Qu’il est difficile d'évoquer LOURDES !

Comment décrire ses rues montantes et capricieuses, ses toits bleuâtres, en bonne ardoise de Bigorre, le fond bleu de son ciel d'été, ou bien "la tristesse de ce ciel rayé en diagonale par le fil des pluies... la vieille ville, que domine un antique donjon qui parait fabriqué pour un décor d'opéra, avec des châssis de toiles peintes" ?

Mais qu'il est doux parler de cette Cité, de humer cet air chargé du parfum des proches montagnes, et de se laisser prendre à cette atmosphère de mélancolie, de douceurs de recueillement, que nous apporte le bruit familier des cloches de Massabielle.

L'histoire religieuse de LOURDES est l'héritage du Monde. Aussi, avant de l'évoquer très simplement cette histoire, désirerai-je décrire le cadre de la Cité dont je veux aussi faire revivre le passé.

Situation

Donc, au Sud-Ouest du département des Hautes-Pyrénées, blottie dans un bassin de verdure, appuyée sur les premiers contreforts pyrénéens, se situe Lourdes.
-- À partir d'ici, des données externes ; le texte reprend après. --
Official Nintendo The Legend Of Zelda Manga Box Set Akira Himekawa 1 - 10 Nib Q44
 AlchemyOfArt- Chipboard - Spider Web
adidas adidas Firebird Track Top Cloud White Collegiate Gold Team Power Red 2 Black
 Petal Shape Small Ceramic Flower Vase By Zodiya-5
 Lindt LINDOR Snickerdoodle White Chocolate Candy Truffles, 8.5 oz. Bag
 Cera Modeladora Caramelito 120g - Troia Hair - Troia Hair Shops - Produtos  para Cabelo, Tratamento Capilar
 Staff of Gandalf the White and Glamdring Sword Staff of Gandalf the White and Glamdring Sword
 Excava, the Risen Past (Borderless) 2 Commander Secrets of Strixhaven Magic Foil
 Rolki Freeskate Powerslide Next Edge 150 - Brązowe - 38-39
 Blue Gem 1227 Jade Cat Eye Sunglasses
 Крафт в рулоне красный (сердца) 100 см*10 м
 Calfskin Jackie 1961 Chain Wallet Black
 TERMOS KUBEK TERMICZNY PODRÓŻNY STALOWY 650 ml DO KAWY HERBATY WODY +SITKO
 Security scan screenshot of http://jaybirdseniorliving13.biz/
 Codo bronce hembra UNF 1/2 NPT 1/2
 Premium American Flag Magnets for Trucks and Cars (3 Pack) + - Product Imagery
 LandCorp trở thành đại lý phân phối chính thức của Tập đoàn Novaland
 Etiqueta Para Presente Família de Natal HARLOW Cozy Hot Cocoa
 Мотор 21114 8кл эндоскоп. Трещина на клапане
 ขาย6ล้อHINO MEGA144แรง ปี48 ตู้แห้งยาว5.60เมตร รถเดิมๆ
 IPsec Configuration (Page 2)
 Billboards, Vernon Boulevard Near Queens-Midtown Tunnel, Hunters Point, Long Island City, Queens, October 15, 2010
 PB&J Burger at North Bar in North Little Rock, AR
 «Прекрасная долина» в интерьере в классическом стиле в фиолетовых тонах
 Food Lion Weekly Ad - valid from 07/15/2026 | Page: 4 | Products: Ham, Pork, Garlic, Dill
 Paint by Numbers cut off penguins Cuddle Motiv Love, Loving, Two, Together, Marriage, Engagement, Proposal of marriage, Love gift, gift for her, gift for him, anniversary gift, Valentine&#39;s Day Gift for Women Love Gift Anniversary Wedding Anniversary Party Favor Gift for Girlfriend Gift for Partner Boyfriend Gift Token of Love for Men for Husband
C'est actuellement une agglomération de 15 829** habitants dont le territoire s'étend sur une superficie de 3864 ha 76 a 38 ca avec 101 kms***, 745 voies urbaines, vicinales et rurales. D'une altitude de 420 mètres, LOURDES le noyau central d' où partent, comme des rayons, les vallées de Batsurguère, de Castelloubon et d’Argelès, cherchant à atteindre la montagne et les vallées de Lézignan, d'Arcizac, de Pau et de Tarbes, qui s'étirent vers la plaine.

Comment ne pas admirer ce tableau, sur le fond s'estompent vers le Sud, les crêtes blanches des pics pyrénéens, Pibeste, Pic d'Aulian, Vignemale, et, tout près pour finir de briser les vents venant d'Espagne, le Béout, le Petit Jer, le Grand Jer et son immense croix qui veille sur la Ville, sommets atteignant 800 et 1000 mètres. Vers le Nord, un chapelet de verdoyantes collines, d'une altitude de 400 et 500 mètres, puis, comme s'il fallait encore à ce paysage la marque du génie, le Gave, à demi dompté, venant de Gavarnie, grossi par les torrents de Barèges et de Cauterets, traverse, avec orgueil, l' agglomération lourdaise en direction Sud-Nord, pour, capricieusement, s’échapper ensuite vers l'Ouest, afin d'honorer de ses faveurs la plaine du Béarn, avant de se donner à la Cité d'Henri IV et de prendre le nom de Gave de Pau.

retour haut de pageL'antique forteresse

Enfin, dressé fièrement au milieu de la Cité, largement reposé sur son escarpement de granit, le Château-Fort. Au cours des ans, l'antique forteresse a continué sa veille. Admirez-la.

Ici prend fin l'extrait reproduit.